Without the pictures, can you quote each line below exactly?

____

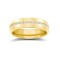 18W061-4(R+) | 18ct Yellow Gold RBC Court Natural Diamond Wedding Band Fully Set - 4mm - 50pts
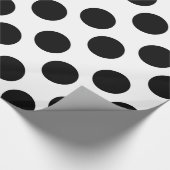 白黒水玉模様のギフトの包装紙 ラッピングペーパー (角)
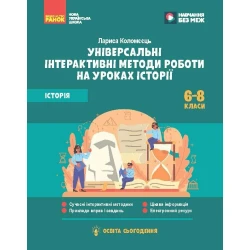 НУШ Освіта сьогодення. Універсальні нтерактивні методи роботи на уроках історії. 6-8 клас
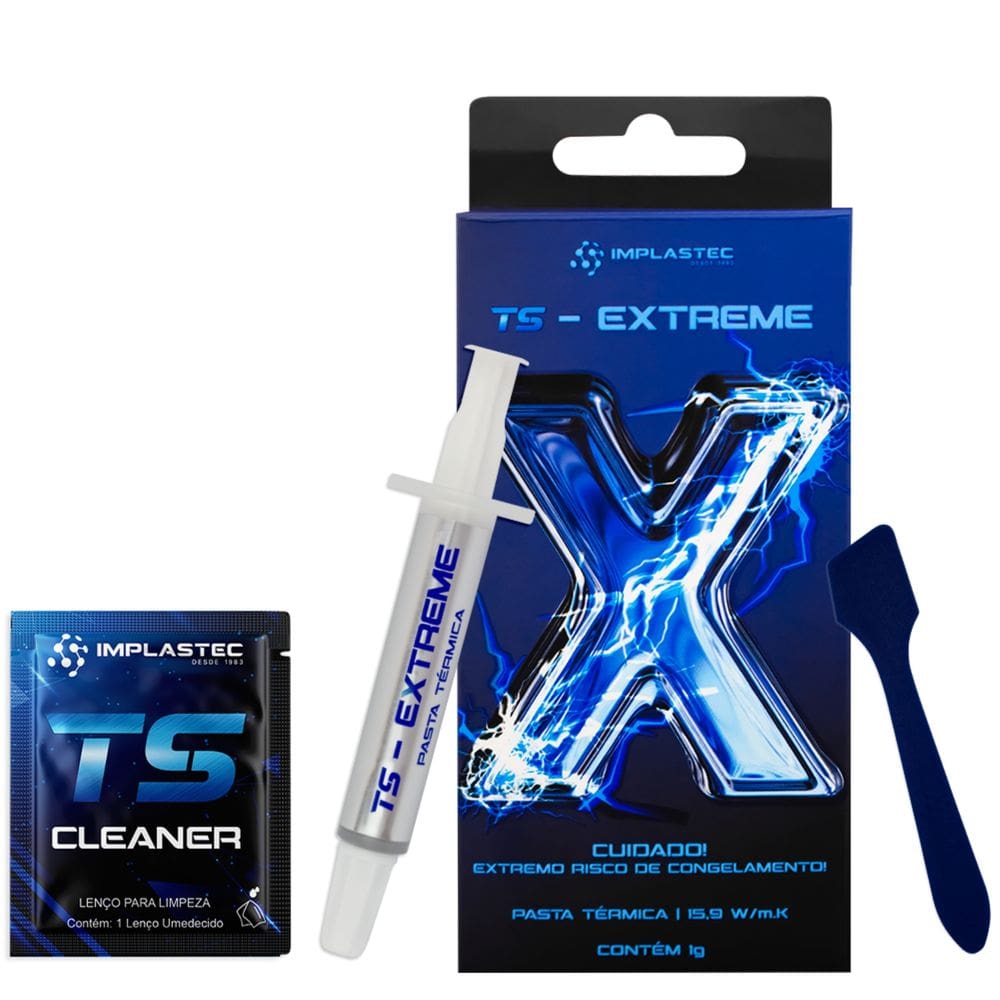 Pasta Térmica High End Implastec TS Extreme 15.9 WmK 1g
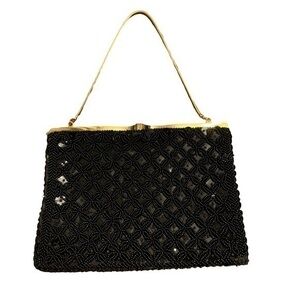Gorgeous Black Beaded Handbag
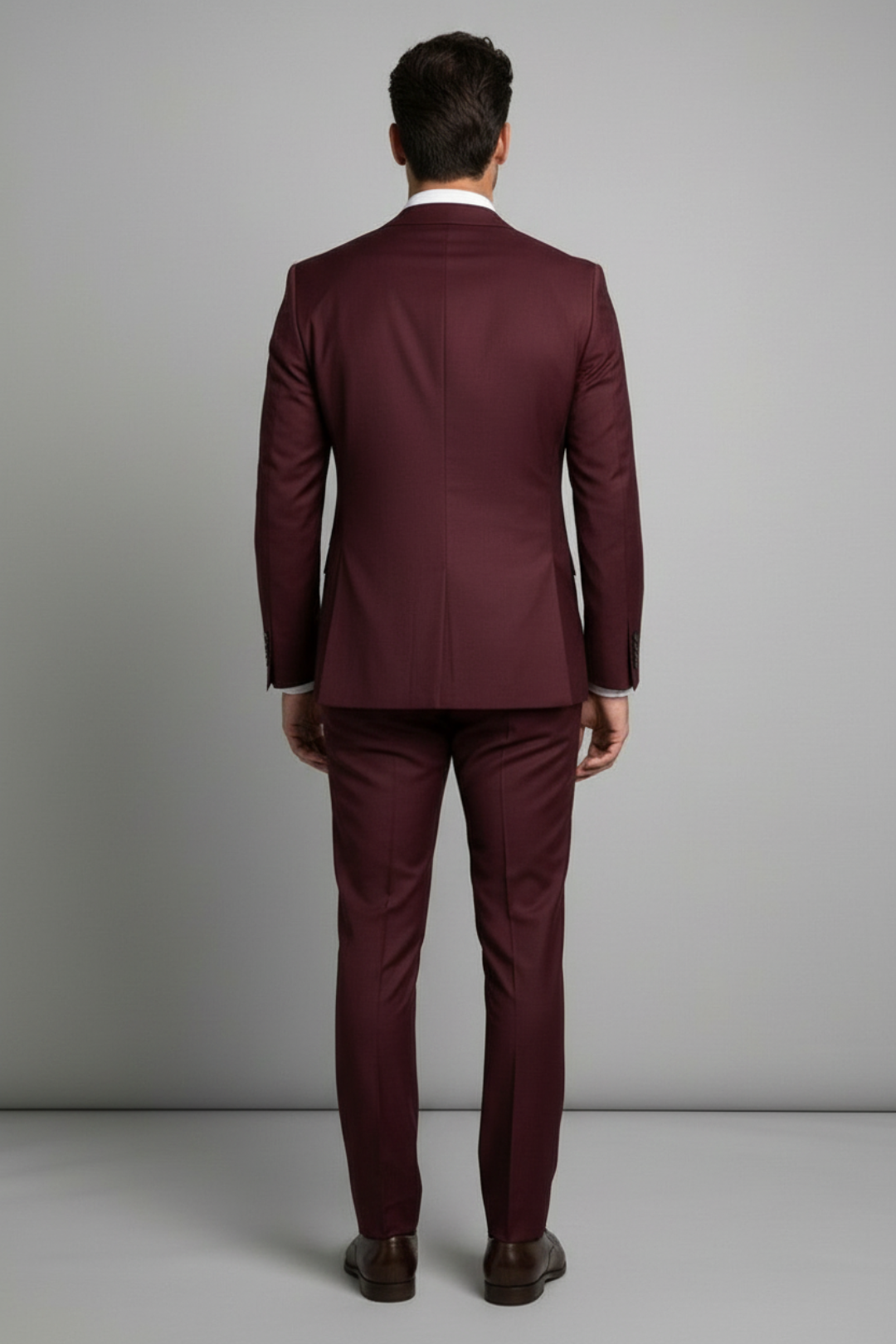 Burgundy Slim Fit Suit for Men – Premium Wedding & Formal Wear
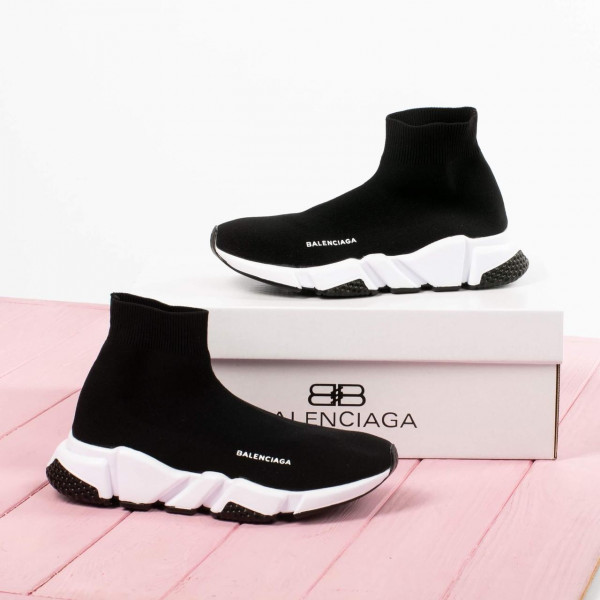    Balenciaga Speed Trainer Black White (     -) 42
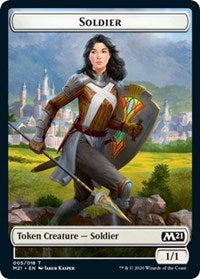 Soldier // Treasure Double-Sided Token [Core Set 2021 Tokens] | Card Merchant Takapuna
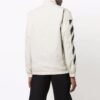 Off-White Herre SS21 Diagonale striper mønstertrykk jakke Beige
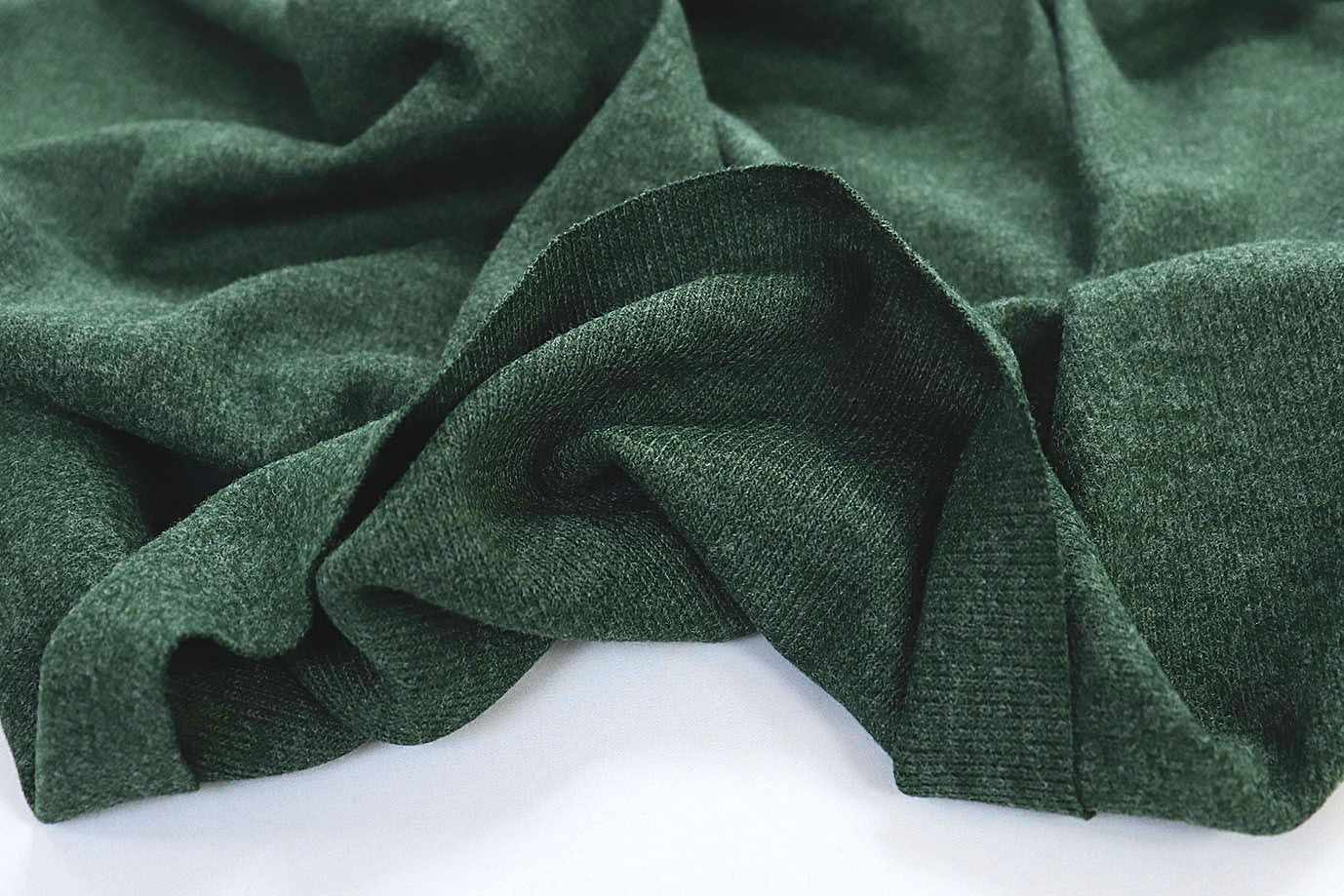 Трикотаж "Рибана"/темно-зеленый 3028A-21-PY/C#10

____

→ **Task answer**:
 18W061-4(R+) | 18ct Yellow Gold RBC Court Natural Diamond Wedding Band Fully Set - 4mm - 50pts
 白黒水玉模様のギフトの包装紙 ラッピングペーパー (角)
 НУШ Освіта сьогодення. Універсальні нтерактивні методи роботи на уроках історії. 6-8 клас
 Pasta Térmica High End Implastec TS Extreme 15.9 WmK 1g
Gorgeous Black Beaded Handbag
 Burgundy Slim Fit Suit for Men – Premium Wedding & Formal Wear
    Balenciaga Speed Trainer Black White (     -) 42
 Soldier // Treasure Double-Sided Token [Core Set 2021 Tokens] | Card Merchant Takapuna
 Off-White Herre SS21 Diagonale striper mønstertrykk jakke Beige
 Трикотаж "Рибана"/темно-зеленый 3028A-21-PY/C#10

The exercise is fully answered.